Concentration failing me, I miss most of the comedy. A shock of applause brings me back to the room, clapping I and throw a smile of encouragement toward the performer. I grasp at the neck of my shirt feeling as though don’t have enough air.
Arriving home from the club I surrender to bed. The phone rings, Steve still awake answers.
“Hello, yeah? Oh, okay. Michelle it’s for you. It’s your sister.” He hands me the phone.
“Hi.” Sue says.
“Hi.” I echo, a silence comes over the line.
“The nurse called and told us mom looked like she might be going. We were just there. We left the hospital to go out for dinner. The phone was ringing as we came through the door at home. Dad said to sit tight we’ll call ya with an update.”
“Okay.” I hang up.
“Oh.” I break from his grasp and calmly head to the armoire to pull out all the black clothes I own and begin to stuff them into a suitcase. Steve watches me. Next, I move toward the sink and begin to wash dishes. When my world spins out of control I clean. I can control the dirt.
A telephone ring cuts the silence. Quickly I grab the extension before it rings a second time.
“Hello.” I say.
“She’s gone. Can you come? They’ll hold her here in her room until you can get here.” Sue’s voice is shaking.

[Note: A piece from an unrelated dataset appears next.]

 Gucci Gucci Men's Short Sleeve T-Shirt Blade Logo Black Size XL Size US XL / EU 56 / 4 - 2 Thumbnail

The drive from Toronto to Ottawa is fast. We pull into a vacant spot on the street in front of the building. The wet shiny road is sprinkled with the cheerful reflection from Christmas lights. The dark night sky is broken by the waltz of large fluffy snowflakes. It’s almost five o’clock in the morning. Steve places a hand on my back encouraging me forward. I look up at the hospital and see a giant black raven perched on the overhang of the front entrance. It takes off into the night. I move forward again with a little coaxing from Steve.
“I’ve never seen a dead body before. Like, not before they are done up at the funeral home.” I say to Steve.
“Hurry sweetie, a body can only be held so long before it must be moved and they’ve already been waiting five hours. You’ll be okay, your family is here.”
My father ushers me into the room, “She told me I was handsome, then she was gone.” He hugs me tightly pulling Sue into our embrace. “Your mother loved you both so much – the only thing she ever wanted was to be a mother.”
Looking over his shoulder the vision of my mother in bed shocks me. She is so tiny, considerably smaller than she was when I saw her last. She is not peaceful looking. Her face shows signs of fight and struggle and her mouth hangs open. Tucked under her hands is the little bear in a bee costume along side a Beanie Baby that looks just like my sister’s son, little gifts from my sister and I.
“Let’s not let anything ever come between us.” Dad says hugging us tight. We hold each other and cry both out of sadness and relief. After six years it is finally over. I replay this scene over and over in my head wishing his statement rang true. So much has come between all of us.